Given the implications of the latter on story telling, I assume that Herbert would have opted for the former and either increased the value of Arrakeen's distance to Carthag or modified their location on the map to allow for a bigger planet.



* Calculation of the average density of Arrakis
G m / r² = 0.9 g
m = 0.9 g r² / G
ρ = (0.9 g r² / G) / (4/3 π r³) = 0.675 g / (π G r) ≈ 18.2 g/cm³
G is gravitational constant, m and r are the mass and radius of Arrakis using Wert's values (assuming Arrakis to be a sphere)

** cf. https://www.angstromsciences.com/density-elements-chart

*** Gold is the most "abundant" of these with 4 ppb in the Earth's crust; the others generally occur with in the Earth's crust with < 1 ppb. I don't know about their occurrence in the mantle or the core. One could imagine (I'm guessing, not being an expert) that there's a bit more to be found deeper down but even if there were one or two orders of magnitude more of these elements in the core it still would only be traces.

Unknown said...

Well . . The planet from space does look like a sandy gold colored planet . . .
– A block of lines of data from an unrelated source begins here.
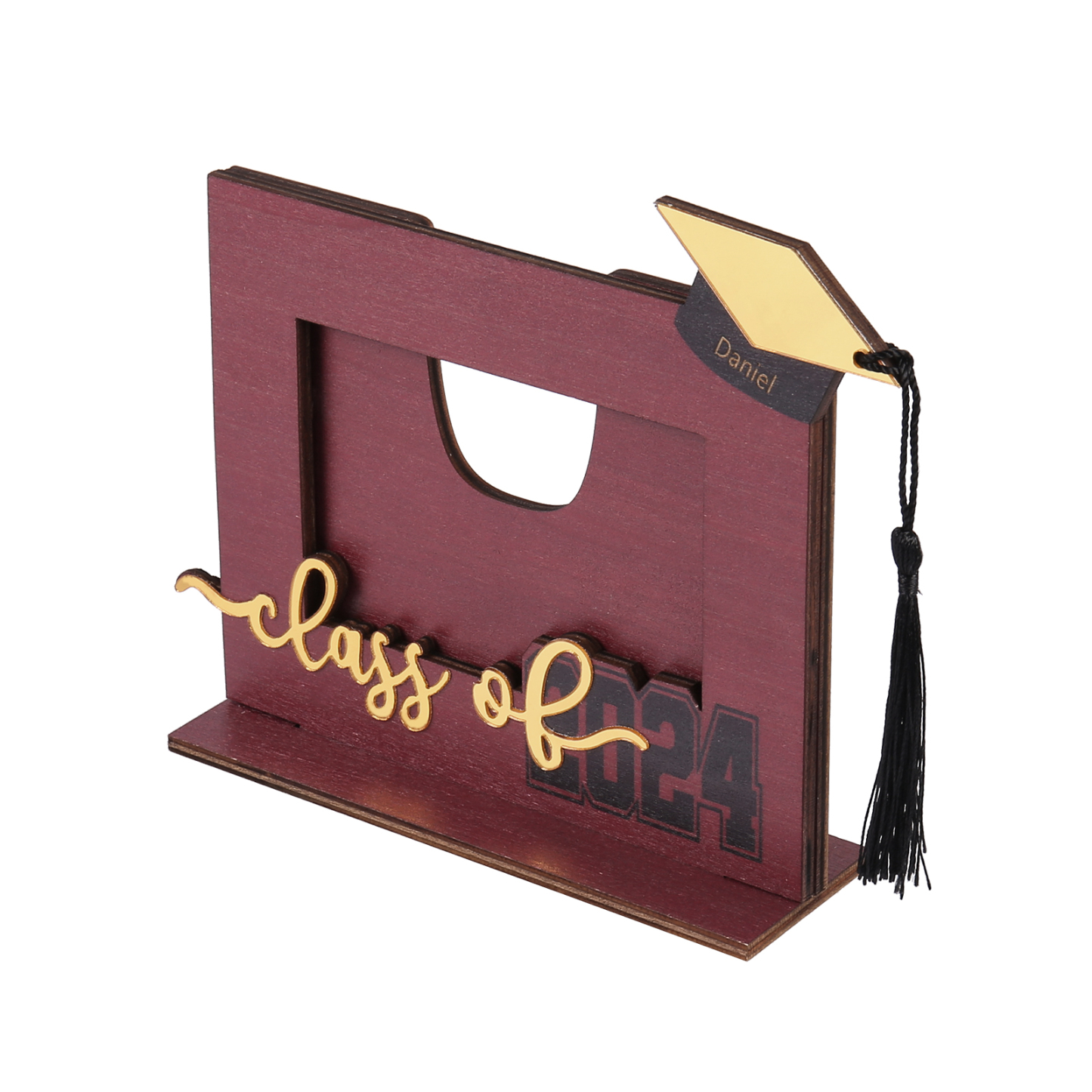 Class of 2024 Personalised Graduation Photo Frame Custom Name & Photo Wooden Frame Creative Gifts-Jessemade AU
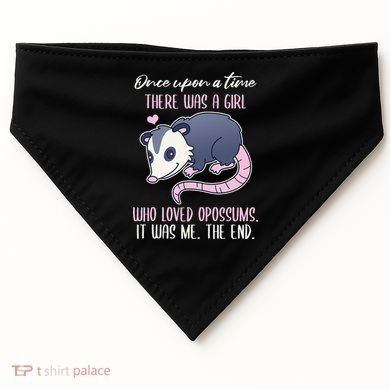 Once There Was A Who Loved Opossums USA-Made Doggie Bandana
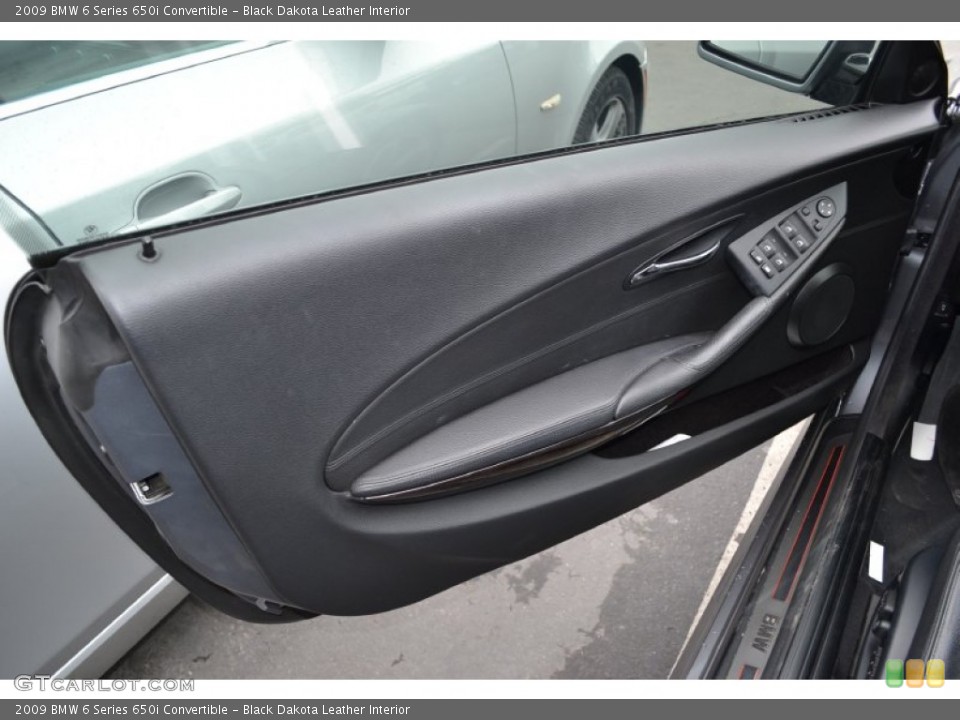 Black Dakota Leather Interior Door Panel for the 2009 BMW 6 Series 650i Convertible #56155358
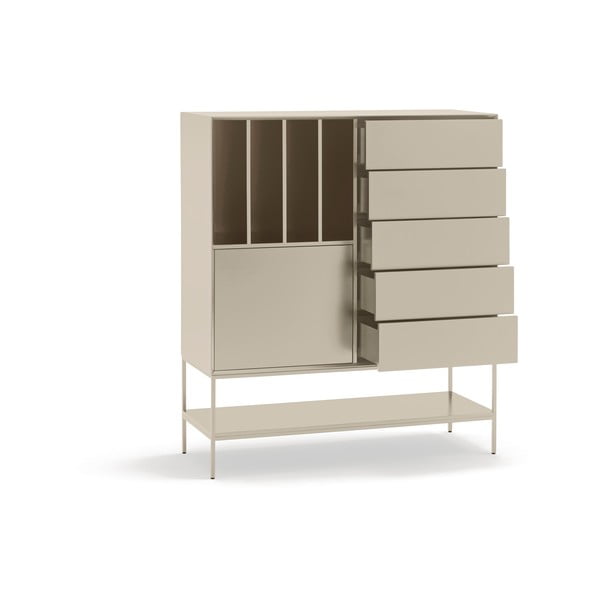 Kremno bela omarica 120x140x45 cm Platt – Teulat-image-4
The other issue is that while we have our table of elements for what we have found here on Earth, what is out in the Universe is a completely different issue. Rare elements that aren't radioactive could be in abundance or elements we have yet to find, that are like gold or tungsten.

Jens said...

@Unknown: As long as we're talking about real-life science, what you say isn't the case.
Our periodic table is not just what we have found here on Earth, it was when it was first developed in the 19th century by Mendeleev. But in the past 75 years, not only have the very few gaps (such as technetium which doesn't have any stable isotopes) been filled but new elements have been artificially created beyond the elements that had been known to this time, see link below.
The current period table now extends up to element #118, oganesson.
And while there is something theorized called "island of stability", a region in the isotope map where there's a cluster of so-called magic or even doubly magic nuclei (see link below) it is not clear whether the theoretic model really holds up. The half-life of hassium-270 of 9 seconds is like an eternity compared to other elements in that region but still very short on geological scales.
Also, elements with higher nucleon count all have been produced in stellar processes (novae). There's no natural process that I'm aware of that would produce elements of atomic numbers > 118 in sufficient quantities to form macroscopic objects, even if we assume that the were one or several stable isotopes beyond oganesson.
So, I'm afraid that an entire planet made out of an "unknown element" is more the stuff of fantasy rather than science at this point.